# How to complete this task
Two lines mark the range in the entries below: the one holding "2 Heights Wooden Coat Rack with 8 Hooks" and the one holding "structure, CAS 1154882-81-1". Set down those two and all lines between them, exactly.

# Data to use
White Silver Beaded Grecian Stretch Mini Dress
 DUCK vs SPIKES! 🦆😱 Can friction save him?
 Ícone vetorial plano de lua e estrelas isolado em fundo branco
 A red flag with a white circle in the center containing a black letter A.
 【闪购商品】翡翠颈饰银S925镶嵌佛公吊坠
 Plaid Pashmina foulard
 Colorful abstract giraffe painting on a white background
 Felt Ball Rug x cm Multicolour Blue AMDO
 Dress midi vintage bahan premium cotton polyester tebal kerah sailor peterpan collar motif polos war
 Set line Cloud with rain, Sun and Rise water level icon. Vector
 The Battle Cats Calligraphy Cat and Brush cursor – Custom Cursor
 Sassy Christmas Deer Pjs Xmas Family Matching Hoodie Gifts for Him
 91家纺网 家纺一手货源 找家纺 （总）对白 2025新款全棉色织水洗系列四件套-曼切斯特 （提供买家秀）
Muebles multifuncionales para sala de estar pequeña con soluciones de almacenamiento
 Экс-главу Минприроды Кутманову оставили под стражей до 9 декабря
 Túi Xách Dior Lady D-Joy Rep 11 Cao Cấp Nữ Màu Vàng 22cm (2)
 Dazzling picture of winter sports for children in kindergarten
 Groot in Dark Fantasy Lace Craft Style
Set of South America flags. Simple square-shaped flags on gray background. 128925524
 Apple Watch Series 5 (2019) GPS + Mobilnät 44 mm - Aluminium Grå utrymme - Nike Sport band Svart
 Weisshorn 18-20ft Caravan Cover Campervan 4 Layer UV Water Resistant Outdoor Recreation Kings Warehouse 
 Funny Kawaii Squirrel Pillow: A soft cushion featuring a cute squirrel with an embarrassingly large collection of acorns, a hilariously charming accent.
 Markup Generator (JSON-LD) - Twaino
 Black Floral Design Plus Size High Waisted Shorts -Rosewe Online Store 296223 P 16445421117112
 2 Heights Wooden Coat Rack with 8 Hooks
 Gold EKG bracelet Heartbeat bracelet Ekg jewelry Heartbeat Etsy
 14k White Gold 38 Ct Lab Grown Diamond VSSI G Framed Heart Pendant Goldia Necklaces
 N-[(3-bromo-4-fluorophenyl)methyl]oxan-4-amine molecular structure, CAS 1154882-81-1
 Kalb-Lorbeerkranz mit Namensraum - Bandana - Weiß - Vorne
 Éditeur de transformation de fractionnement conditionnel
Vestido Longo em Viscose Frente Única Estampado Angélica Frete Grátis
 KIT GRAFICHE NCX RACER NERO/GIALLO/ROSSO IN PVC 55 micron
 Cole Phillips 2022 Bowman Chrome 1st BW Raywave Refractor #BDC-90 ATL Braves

# Task output
 2 Heights Wooden Coat Rack with 8 Hooks
 Gold EKG bracelet Heartbeat bracelet Ekg jewelry Heartbeat Etsy
 14k White Gold 38 Ct Lab Grown Diamond VSSI G Framed Heart Pendant Goldia Necklaces
 N-[(3-bromo-4-fluorophenyl)methyl]oxan-4-amine molecular structure, CAS 1154882-81-1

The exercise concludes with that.